Looks like theres a pretty nice show for the AKC in Kalamazoo MI this weekend and I was wondering if any of our DFers would be there? I'll be stopping over and checking out some breeders, watching the OB and taking some photos.


----------



## RaeganW (Jul 14, 2009)

I *think* this show is the Backyard Classic - it's a big day for Tollers and there are club field tests offered. One of the instructors of Marsh's class is going. I really wanted to go and was planning on it, but Marsh isn't ready for anything yet. Have fun!


----------



## DJEtzel (Dec 28, 2009)

This is the West Michigan Apple Blossom Cluster Raegan. I haven't heard anything about the Backyard Classic, is it usually in this area?

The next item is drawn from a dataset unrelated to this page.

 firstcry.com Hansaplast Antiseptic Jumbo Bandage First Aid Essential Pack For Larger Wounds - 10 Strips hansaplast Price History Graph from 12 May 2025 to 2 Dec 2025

I had intended to trial Frag in this cluster as it's the biggest one of the year, but lo and behold, my phone never gave me the reminder to send in the forms. 

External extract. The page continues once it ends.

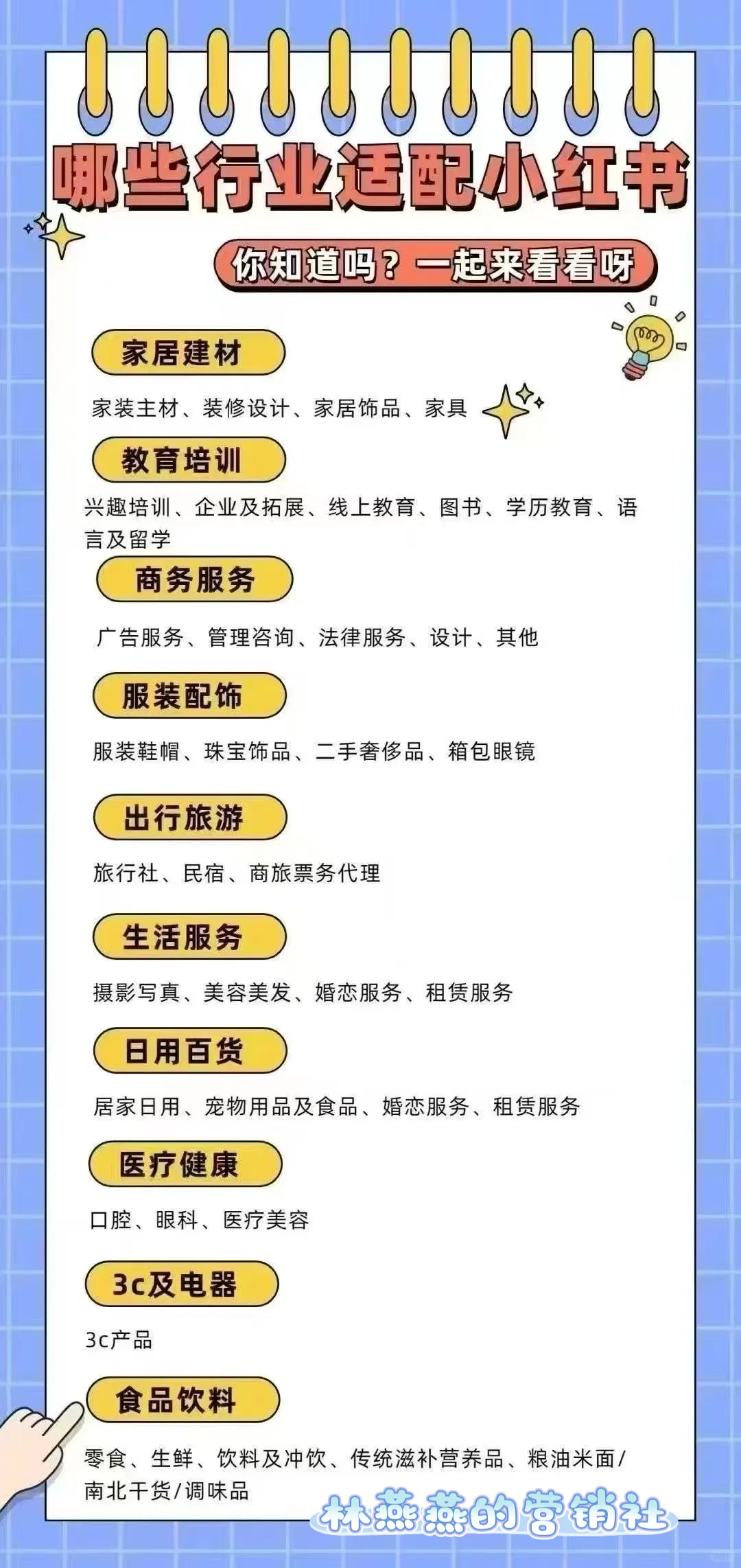 线下小红书适合哪些行业运营？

I will still be stopping out to take pictures and talk to people Friday and Saturday probably. I guess maybe it's a good thing that I missed this one so that I can at least see a rally trial before I enter.


----------



## RaeganW (Jul 14, 2009)

Did a little digging, and yep, same show. There's a supported entry on Saturday, and Club Field Tests on Sunday and Monday in Three Rivers. The BYC moves around but stays in the Midwest, I think. Last year it was in Chicago at this time. It's mainly the field tests that are the big draw and the reason for it, and you wouldn't have heard of it because it's a Nova Scotia Duck Tolling Retriever Club - USA thing, not an AKC thing.


----------



## DJEtzel (Dec 28, 2009)

Ah, I see. I know I checked out the premium, but I must have missed that. Maybe I'll dig around and find out times/location and head out to take some pictures. Sounds like a cool thing to watch!


----------